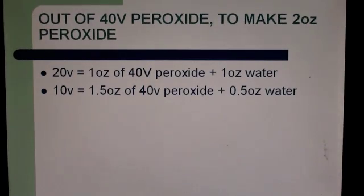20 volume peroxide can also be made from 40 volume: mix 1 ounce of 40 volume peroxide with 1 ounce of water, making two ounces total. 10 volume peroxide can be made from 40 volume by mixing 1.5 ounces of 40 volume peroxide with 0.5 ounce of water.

---

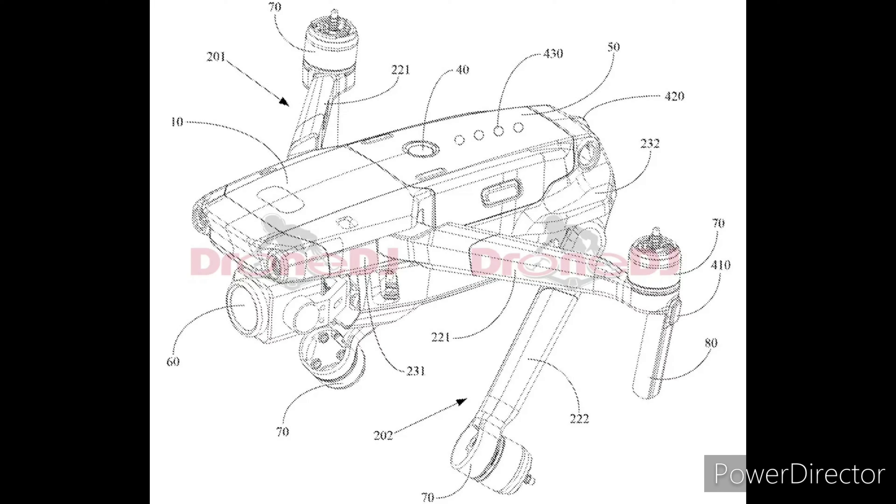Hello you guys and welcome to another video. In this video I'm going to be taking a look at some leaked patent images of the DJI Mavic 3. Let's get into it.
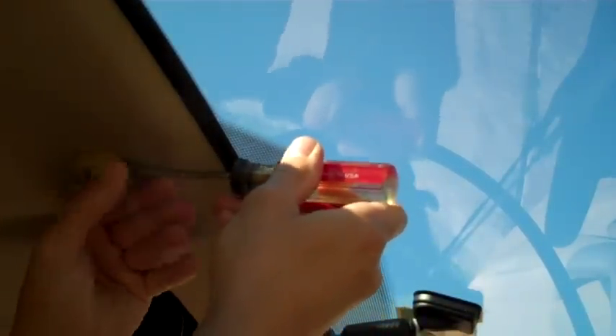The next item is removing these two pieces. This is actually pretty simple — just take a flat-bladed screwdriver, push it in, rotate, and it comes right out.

# Directions
Print an exact copy of the lines above, from the one containing "Hello you guys" through the one containing "The next item", and leave out the pictures.

# Your solution
Hello you guys and welcome to another video. In this video I'm going to be taking a look at some leaked patent images of the DJI Mavic 3. Let's get into it.
The next item is removing these two pieces. This is actually pretty simple — just take a flat-bladed screwdriver, push it in, rotate, and it comes right out.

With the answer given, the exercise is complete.